The Magpul PDR is a conceptual 5.56mm caliber personal defense weapon which utilizes a bullpup design principle. The weapon uses STANAG magazines and fire the same type of ammunition as the M16. The purpose of the Magpul PDR is to better arm support personnel who would normally carry M9 pistols without adding any strain to current armed forces logistics with proprietary ammunition.

=== Magpul FMG-9 ===

Magpul designed a folding 9mm caliber submachine gun similar to the ARES FMG which was first publicly unveiled at the 2008 SHOT Show. The FMG-9 never saw production, but during 2021's Magpul week, Magpul released the FDC-9 (Folding Defensive Carbine) and FDP-9 (Folding Defensive Pistol), redesigned versions of the FMG-9.

==Political activity==

===Farewell to Arms Freedom Festival===

In response to Colorado's House Bill 13-1224, which banned large-capacity magazines in the wake of the 2012 Aurora theatre shooting, the group Free Colorado organized the "Farewell to Arms Freedom Festival" to raise funds for recall efforts against several Colorado politicians involved with its passage.

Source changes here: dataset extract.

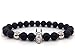 Knight Batman Men Charm Bracelets Black Nature Stone Bracelet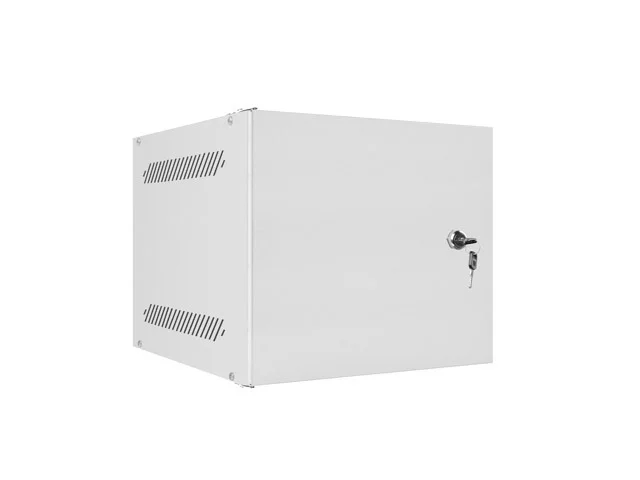 LANBERG RACKOVÁ SKŘÍŇ 10" NÁSTĚNNÁ 4U/280X310 PRO VLASTNÍ MONTÁŽ S KOVOVÝMI DVEŘMI ŠEDÁ -FLAT PACK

Magpul donated 20,000 magazines to Free Colorado for the event to be sold at discounted prices. Of those, one magazine was given away for free to the first 1,500 individuals over the age of 18 to arrive at the event which drew thousands of supporters.

===Relocation===

In 2013, Magpul published a newspaper ad stating that it would move out of Colorado if the state legislature enacted a law banning magazines with more than 15 rounds and semi-automatic rifle add-ons. After the law was passed, the company announced on January 2, 2014 that it was moving its production, distribution, and shipping operations to Cheyenne, Wyoming, and its corporate headquarters to Austin, Texas.

== Legal ==
In May of 2025 a judge granted permission to the victims and families of the 2023 Louisville bank shooting to sue Magpul and others for liability.